• YOUR GOAL:
The answer must consist of every line in the data below that holds the word "Coupe".

Segment Start: AVAILABLE DATA

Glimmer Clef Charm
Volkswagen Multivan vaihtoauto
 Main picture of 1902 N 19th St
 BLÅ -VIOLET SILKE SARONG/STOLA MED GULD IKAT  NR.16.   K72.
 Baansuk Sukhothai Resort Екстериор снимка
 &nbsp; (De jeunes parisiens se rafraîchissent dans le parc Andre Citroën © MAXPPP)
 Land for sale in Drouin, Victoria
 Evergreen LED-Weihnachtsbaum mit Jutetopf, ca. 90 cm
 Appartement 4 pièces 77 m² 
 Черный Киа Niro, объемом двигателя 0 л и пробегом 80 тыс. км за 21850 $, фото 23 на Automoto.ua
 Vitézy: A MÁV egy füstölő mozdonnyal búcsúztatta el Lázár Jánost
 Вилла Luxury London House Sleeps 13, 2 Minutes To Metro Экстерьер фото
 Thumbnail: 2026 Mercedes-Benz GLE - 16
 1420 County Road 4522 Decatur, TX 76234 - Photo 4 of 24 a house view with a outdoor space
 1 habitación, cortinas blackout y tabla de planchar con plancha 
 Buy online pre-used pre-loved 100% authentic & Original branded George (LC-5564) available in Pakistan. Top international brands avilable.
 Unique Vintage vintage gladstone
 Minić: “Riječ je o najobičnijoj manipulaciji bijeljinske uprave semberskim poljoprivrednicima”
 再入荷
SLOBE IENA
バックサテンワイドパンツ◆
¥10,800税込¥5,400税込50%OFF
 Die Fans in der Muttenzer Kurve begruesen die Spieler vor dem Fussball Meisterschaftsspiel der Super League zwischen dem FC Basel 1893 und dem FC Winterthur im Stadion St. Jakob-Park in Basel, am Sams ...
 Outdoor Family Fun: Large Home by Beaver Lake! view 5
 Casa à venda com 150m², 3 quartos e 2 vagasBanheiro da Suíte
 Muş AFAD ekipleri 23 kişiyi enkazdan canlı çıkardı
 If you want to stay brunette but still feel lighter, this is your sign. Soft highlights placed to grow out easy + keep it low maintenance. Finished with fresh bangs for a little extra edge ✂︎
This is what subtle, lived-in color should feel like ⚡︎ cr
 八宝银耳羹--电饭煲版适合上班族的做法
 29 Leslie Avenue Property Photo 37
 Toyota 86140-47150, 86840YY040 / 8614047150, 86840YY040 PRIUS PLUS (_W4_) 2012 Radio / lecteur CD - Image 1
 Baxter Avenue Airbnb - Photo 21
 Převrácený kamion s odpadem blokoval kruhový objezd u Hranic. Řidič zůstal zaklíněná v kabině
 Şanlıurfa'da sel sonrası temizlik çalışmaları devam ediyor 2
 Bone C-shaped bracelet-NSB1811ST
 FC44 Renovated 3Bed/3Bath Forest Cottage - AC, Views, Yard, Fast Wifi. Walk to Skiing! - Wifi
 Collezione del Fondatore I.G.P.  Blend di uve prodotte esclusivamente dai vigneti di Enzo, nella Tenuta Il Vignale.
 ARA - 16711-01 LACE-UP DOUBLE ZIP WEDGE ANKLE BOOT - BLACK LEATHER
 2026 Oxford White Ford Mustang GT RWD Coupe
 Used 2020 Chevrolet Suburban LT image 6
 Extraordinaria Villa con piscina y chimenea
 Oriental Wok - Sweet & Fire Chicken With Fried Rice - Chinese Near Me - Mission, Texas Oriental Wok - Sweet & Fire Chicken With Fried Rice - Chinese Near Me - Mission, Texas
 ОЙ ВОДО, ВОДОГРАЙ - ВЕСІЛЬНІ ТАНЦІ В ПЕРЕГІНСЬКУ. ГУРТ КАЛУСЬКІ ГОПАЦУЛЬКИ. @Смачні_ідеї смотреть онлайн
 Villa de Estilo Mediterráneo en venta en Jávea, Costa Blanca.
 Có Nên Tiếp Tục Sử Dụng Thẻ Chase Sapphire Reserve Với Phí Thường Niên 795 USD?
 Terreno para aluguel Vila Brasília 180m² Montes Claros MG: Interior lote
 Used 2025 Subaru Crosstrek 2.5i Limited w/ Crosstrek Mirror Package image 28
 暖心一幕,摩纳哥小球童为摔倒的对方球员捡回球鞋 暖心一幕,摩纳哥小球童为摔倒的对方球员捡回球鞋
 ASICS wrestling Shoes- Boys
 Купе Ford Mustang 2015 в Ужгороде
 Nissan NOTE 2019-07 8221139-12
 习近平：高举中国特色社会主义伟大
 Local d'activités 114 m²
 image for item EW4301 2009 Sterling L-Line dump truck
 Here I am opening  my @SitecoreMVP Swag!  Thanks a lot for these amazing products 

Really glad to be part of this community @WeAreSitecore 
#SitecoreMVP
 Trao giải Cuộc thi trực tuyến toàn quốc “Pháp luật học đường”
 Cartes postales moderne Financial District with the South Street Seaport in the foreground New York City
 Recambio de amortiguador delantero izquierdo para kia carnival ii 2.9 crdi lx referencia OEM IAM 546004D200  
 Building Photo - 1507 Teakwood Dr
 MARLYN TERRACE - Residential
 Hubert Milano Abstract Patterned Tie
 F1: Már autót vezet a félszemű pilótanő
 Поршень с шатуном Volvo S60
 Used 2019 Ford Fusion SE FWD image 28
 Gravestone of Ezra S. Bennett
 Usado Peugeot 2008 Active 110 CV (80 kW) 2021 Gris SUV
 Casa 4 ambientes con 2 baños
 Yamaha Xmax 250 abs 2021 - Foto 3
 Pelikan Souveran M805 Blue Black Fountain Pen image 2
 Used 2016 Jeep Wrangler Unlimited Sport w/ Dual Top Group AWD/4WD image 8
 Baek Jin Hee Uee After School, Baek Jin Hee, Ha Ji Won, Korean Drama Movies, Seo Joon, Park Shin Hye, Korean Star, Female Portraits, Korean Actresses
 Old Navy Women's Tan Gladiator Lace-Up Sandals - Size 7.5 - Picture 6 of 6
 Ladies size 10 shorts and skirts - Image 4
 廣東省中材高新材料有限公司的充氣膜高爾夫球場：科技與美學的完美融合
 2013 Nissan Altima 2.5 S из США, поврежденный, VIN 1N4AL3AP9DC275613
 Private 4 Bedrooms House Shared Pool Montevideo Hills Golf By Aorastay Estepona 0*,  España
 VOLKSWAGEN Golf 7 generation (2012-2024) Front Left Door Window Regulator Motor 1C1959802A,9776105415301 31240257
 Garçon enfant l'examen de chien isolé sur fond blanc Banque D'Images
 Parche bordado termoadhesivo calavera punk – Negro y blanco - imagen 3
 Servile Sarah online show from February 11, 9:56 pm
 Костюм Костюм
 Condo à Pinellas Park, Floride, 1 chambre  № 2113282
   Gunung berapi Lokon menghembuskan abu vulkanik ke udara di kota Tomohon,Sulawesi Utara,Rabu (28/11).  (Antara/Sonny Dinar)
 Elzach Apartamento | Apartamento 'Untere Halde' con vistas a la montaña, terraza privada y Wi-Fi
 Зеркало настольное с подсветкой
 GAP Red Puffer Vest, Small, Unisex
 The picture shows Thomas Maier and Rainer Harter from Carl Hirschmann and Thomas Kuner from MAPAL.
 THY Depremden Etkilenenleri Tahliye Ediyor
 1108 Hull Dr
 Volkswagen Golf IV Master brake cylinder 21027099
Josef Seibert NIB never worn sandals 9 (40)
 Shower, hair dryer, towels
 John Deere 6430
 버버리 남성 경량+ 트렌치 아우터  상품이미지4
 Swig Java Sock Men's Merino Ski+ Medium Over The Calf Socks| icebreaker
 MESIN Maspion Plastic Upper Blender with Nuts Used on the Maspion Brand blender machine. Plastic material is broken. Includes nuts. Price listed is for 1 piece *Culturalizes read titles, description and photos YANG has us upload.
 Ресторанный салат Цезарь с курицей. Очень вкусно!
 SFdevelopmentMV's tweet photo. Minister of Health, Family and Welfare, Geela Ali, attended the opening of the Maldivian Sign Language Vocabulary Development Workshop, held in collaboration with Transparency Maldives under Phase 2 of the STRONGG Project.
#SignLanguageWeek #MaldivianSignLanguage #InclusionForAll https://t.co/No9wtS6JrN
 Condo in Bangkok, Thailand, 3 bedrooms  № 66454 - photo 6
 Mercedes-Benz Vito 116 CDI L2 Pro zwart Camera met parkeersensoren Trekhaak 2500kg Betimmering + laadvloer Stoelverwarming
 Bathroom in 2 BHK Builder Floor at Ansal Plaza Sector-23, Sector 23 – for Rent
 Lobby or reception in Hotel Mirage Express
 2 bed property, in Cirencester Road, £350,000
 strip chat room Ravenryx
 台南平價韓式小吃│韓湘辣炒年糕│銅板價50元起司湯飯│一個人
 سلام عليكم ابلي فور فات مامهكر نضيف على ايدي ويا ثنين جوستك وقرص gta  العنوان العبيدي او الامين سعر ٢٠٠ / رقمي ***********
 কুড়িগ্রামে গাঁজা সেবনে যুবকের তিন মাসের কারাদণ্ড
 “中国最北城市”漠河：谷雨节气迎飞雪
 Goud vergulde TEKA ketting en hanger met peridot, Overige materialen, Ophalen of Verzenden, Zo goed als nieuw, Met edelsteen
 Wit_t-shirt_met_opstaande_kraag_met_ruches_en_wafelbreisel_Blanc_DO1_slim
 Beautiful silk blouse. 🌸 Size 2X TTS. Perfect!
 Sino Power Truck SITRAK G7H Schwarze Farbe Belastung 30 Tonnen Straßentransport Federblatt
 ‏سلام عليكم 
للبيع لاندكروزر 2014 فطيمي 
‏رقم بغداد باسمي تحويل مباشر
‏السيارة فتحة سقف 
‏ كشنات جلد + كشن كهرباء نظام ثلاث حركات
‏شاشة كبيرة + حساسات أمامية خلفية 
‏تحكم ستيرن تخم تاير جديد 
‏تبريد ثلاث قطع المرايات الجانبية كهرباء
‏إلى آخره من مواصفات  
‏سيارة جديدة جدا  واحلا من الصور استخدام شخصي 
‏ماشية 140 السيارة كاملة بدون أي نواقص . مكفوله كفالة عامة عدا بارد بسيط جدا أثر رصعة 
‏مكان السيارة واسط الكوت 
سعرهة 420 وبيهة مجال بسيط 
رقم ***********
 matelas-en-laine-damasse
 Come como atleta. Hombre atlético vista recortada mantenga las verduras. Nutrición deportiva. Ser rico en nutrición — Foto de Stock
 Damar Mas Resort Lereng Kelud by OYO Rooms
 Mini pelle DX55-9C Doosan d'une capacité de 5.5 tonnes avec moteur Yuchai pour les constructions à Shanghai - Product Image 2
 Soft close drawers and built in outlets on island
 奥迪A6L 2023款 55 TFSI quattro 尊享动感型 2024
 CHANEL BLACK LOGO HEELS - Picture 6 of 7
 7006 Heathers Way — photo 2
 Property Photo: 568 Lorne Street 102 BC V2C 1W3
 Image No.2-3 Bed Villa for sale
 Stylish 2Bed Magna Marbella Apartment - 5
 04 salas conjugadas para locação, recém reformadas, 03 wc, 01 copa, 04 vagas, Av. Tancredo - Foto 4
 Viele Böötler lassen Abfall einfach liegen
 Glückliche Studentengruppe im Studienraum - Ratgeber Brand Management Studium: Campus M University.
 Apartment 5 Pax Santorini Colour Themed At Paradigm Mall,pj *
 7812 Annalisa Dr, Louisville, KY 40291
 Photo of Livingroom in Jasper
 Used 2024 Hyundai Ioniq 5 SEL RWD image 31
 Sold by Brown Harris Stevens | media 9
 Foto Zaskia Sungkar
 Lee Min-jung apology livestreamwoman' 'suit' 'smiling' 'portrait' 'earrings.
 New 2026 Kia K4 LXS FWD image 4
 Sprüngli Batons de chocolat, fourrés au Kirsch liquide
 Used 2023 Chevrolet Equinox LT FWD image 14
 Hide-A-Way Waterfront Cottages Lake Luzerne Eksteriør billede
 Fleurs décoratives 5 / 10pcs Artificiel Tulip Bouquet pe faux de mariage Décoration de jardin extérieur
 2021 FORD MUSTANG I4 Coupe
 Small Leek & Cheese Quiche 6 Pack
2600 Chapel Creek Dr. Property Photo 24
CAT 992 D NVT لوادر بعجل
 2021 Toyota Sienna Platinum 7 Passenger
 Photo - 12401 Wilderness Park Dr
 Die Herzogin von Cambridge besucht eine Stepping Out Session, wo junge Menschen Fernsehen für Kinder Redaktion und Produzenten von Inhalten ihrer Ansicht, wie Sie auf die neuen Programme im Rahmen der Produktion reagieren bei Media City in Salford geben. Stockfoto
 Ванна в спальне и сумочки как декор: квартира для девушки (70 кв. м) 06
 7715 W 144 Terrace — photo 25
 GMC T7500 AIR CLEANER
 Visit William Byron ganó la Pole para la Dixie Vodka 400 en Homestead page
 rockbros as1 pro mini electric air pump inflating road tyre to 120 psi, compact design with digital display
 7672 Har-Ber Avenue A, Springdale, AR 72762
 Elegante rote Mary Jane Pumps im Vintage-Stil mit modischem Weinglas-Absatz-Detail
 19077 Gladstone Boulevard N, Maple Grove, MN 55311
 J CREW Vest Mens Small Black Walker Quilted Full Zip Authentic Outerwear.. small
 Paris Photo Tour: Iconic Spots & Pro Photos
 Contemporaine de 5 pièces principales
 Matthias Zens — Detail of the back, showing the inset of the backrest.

Segment End: AVAILABLE DATA

• EXERCISE SOLUTION:
 2026 Oxford White Ford Mustang GT RWD Coupe
 2021 FORD MUSTANG I4 Coupe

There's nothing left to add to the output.